## ASSIGNMENT
When you reach the line containing "Toyota Yaris Cross" in the entries below, please begin setting down lines exactly, stop only after the last one, and add nothing else.

(Data entries)
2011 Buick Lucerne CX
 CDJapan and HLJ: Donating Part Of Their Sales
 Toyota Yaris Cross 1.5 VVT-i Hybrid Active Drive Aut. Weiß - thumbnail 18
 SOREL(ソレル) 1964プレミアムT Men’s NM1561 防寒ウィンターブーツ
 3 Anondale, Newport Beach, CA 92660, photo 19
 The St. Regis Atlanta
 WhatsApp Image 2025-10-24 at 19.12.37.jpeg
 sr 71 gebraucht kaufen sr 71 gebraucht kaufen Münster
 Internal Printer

## RESULT
 Toyota Yaris Cross 1.5 VVT-i Hybrid Active Drive Aut. Weiß - thumbnail 18
 SOREL(ソレル) 1964プレミアムT Men’s NM1561 防寒ウィンターブーツ
 3 Anondale, Newport Beach, CA 92660, photo 19
 The St. Regis Atlanta
 WhatsApp Image 2025-10-24 at 19.12.37.jpeg
 sr 71 gebraucht kaufen sr 71 gebraucht kaufen Münster
 Internal Printer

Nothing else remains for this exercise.